### DATA TO PROCESS

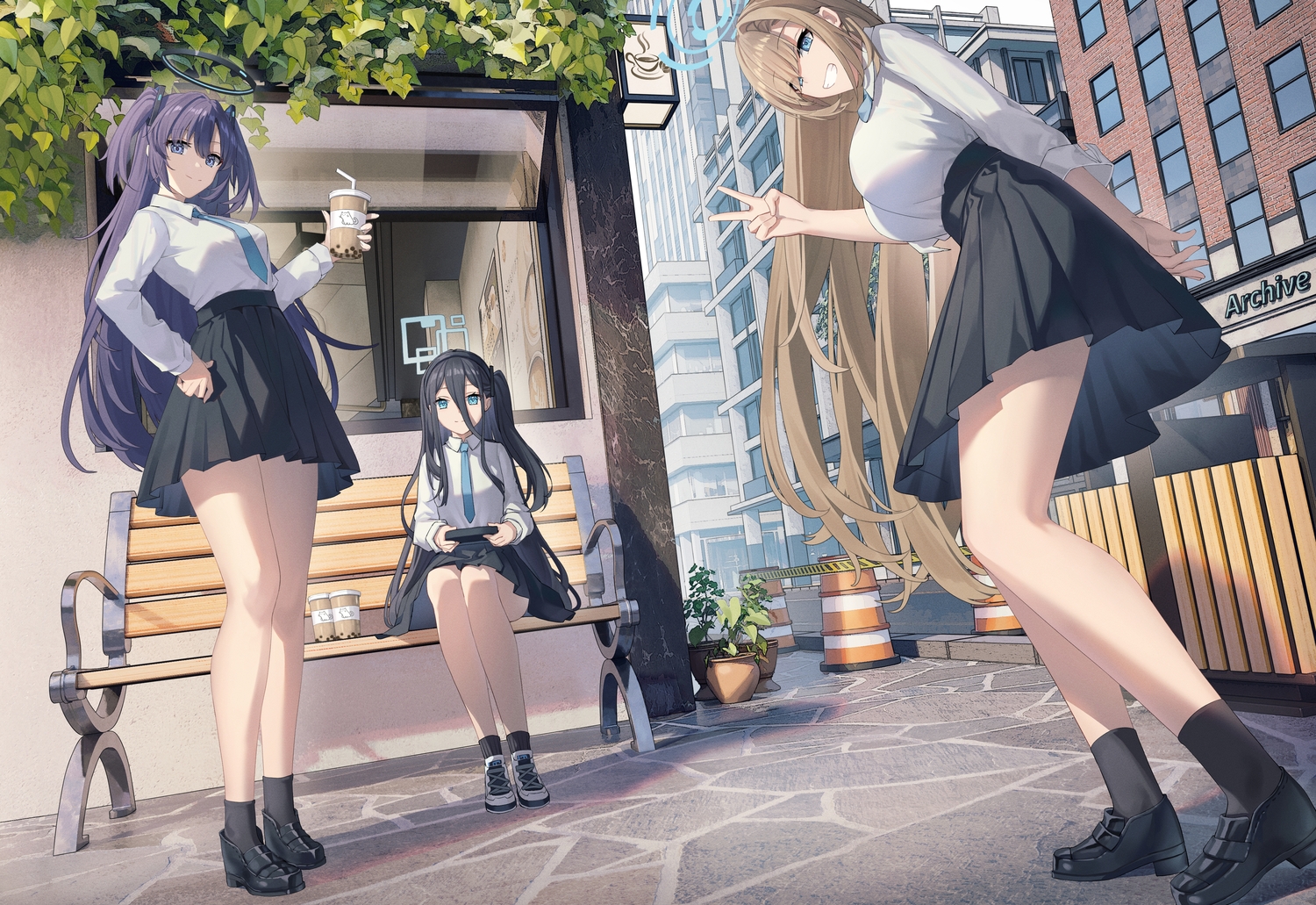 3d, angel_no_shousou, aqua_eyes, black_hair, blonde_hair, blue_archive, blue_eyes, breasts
* * *
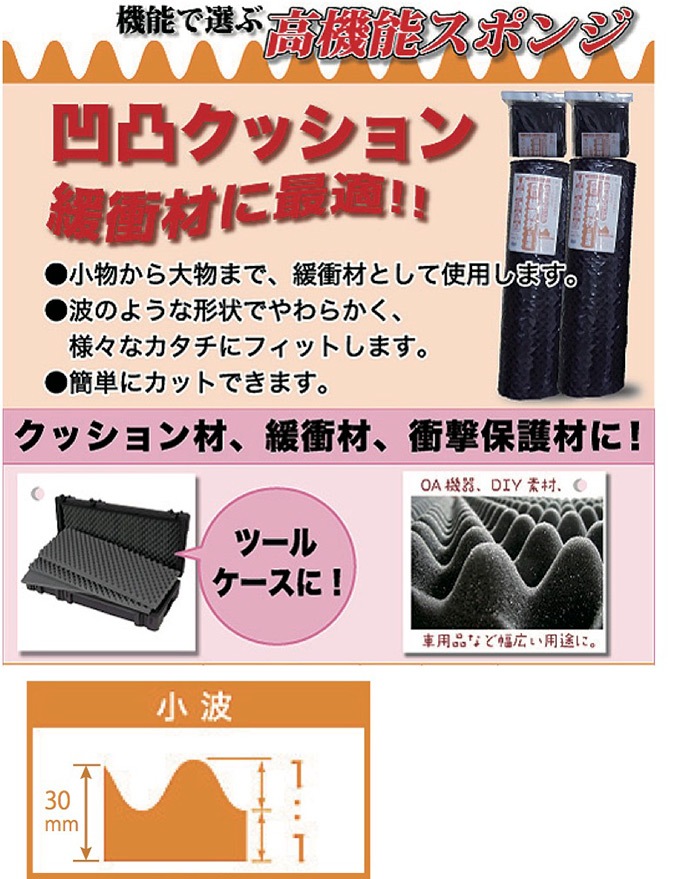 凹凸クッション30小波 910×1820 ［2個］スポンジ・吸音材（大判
==
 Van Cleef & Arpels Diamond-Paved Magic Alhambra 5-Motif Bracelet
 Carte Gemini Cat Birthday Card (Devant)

### EXERCISE DIRECTIONS
Working from the records above, write out verbatim only the lines from the line containing "Van Cleef &" through the line containing "Carte Gemini Cat Birthday Card (Devant)".

### WRITTEN ANSWER
 Van Cleef & Arpels Diamond-Paved Magic Alhambra 5-Motif Bracelet
 Carte Gemini Cat Birthday Card (Devant)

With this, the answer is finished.